By Marjorie Johnson, J.D.
Though his employer argued that a receptionist recorded a meeting to help ensure she understood important changes being made in the dental department, it could still be civilly liable under the Wiretap Act for its interception by procurement.
A dentist who claimed he was fraudulently enticed into entering into a four-year employment agreement with a healthcare clinic, and then after complaining about unsafe and unlawful working conditions was subjected to secret recordings of his communications and a trumped-up disciplinary termination, defeated summary judgment on his claims for violations of the Wiretap Act, misrepresentation and fraud, and breach of contract. A federal magistrate judge in California also allowed him to advance his common law claim for wrongful discharge, except insofar as he claimed the clinic violated an inapplicable provision of the California Health & Safety Code (Boseovski v. McCloud Healthcare Clinic, Inc., January 7, 2020, Cota, D.).

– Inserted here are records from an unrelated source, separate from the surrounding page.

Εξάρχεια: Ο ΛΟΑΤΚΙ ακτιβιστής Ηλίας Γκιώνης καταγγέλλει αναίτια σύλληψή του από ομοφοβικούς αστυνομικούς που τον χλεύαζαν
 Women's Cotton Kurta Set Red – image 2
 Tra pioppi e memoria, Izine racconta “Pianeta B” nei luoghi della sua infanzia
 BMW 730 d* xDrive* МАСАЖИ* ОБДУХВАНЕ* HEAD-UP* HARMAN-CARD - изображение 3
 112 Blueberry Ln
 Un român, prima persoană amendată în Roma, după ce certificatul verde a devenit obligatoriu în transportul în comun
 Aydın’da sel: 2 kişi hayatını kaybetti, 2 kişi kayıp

The dentist entered into a four-year employment agreement with the clinic after allegedly being promised several benefits and reassured that it was not a high-volume practice. However, shortly after his tenure began, he discovered several unsafe and unlawful conditions, which he reported. Management later “began a campaign to manufacture reasons to terminate” him, including “intercepting through an electronic device his oral communications with the dental staff.” He was ultimately terminated, purportedly due to his misuse of prescription software and poor “chair-side” manner. He subsequently brought this lawsuit alleging several claims.
Wiretap claim. The dentist’s wiretap claim was premised on Sections 2511 and 2520 of the federal Wiretap Act. Specifically, Section 2511(1)(a) imposes criminal liability on any person who “intentionally intercepts, endeavors to intercept, or procures any other person to intercept or endeavor to intercept, any wire, oral, or electronic communication.” Section 2520(a) allows any person whose communications are intercepted in violation of Section 2511 to bring a civil action against the “person or entity” which engaged in that violation.
Interception by procurement. The clinic claimed that the dentist’s wiretap claim failed for several reasons. First, citing the Fifth Circuit’s opinion in Peavy v. WFAA-TV, Inc., it claimed that it did not directly intercept the dentist’s communications and could only be held liable for its own conduct as opposed to anyone acting on its behalf. The magistrate judge disagreed, noting that there was no in-circuit authority that had adopted the Fifth Circuit’s opinion and other district courts had questioned it.
While Peavy concluded that the plain language of Sec. 2520(a), as amended in 1986, narrowed the class of possible civil defendants in the way the clinic suggested, the Fifth Circuit failed to consider that the amendment also added language allowing a civil action against the “person or entity” who engaged in the violation the underlying criminal statute (Section. 2511)—which still contained the “or procures another person” language. Thus, the magistrate found that the deletion of the procurement language in Section 2520(a) was of “no moment.” The clinic could be still be held civilly liable if it violated the underlying criminal statute by way of procurement.
Receptionist’s motivation and consent irrelevant. The magistrate also rejected the clinic’s contention that it was entitled to summary judgment on the Wiretap Act claim since a party to a recorded conversation is not liable unless he or she makes the recording for some criminal or tortious purpose and the receptionist who recorded a meeting at issue had done so to help her understand the procedural changes about to be implemented. However, whether she had a defense was irrelevant since she was not a party to this action.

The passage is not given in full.